No pictures, please: print exactly the lines from the one that contains "Super Doctor Metropolis" through the last line of the listing.
[[ Available data open ]]
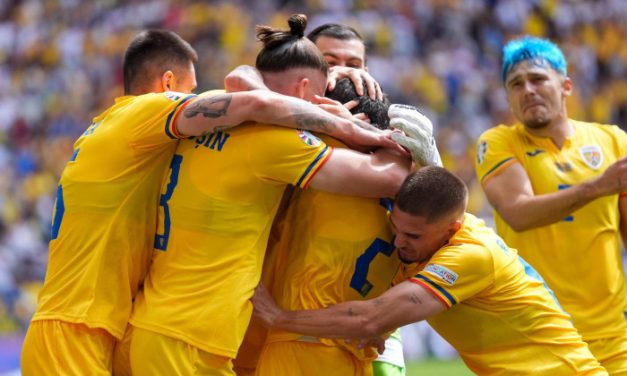 EURO 2024: Victorie superbă pentru România la debut, 3-0 cu Ucraina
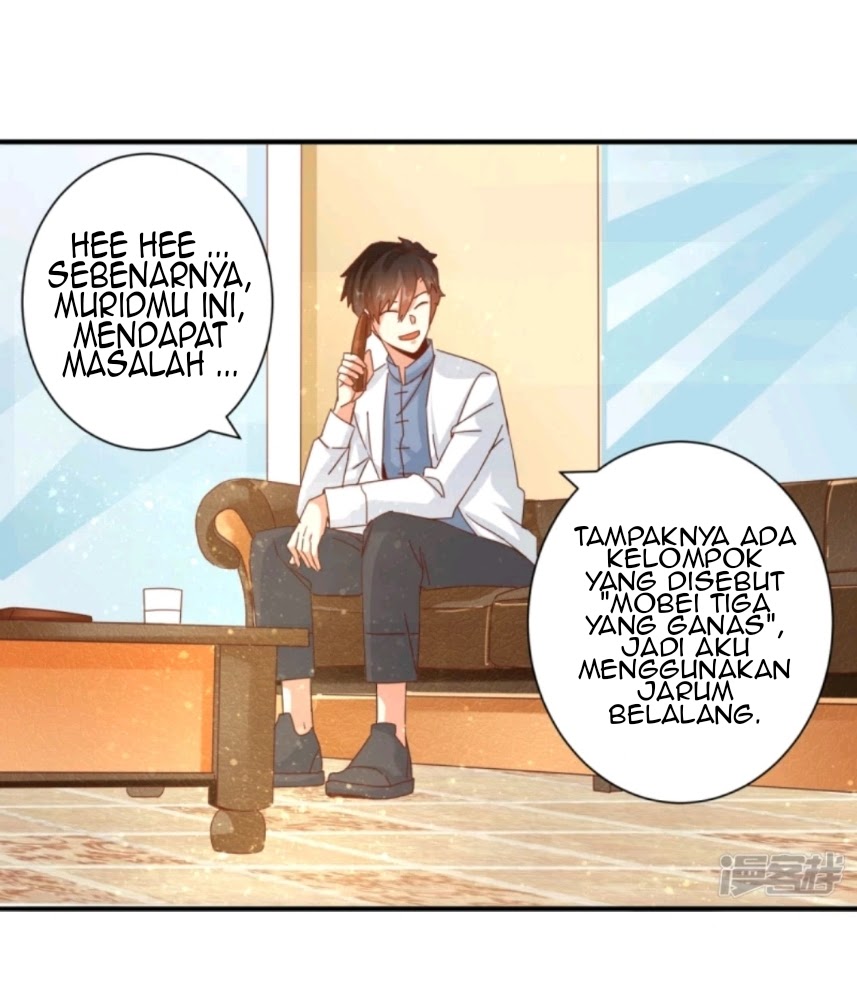 Super Doctor Metropolis Chapter 20 - halaman 7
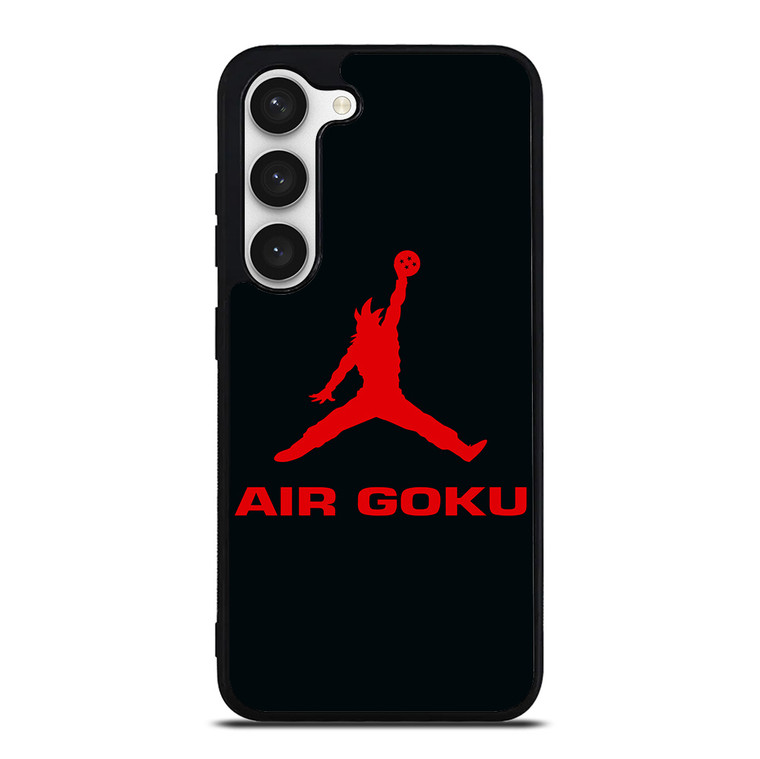 AIR GOKU DRAGON BALL Samsung Galaxy S23 Case Cover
[[ Available data closed ]]
**Solution to this exercise**
 Super Doctor Metropolis Chapter 20 - halaman 7
 AIR GOKU DRAGON BALL Samsung Galaxy S23 Case Cover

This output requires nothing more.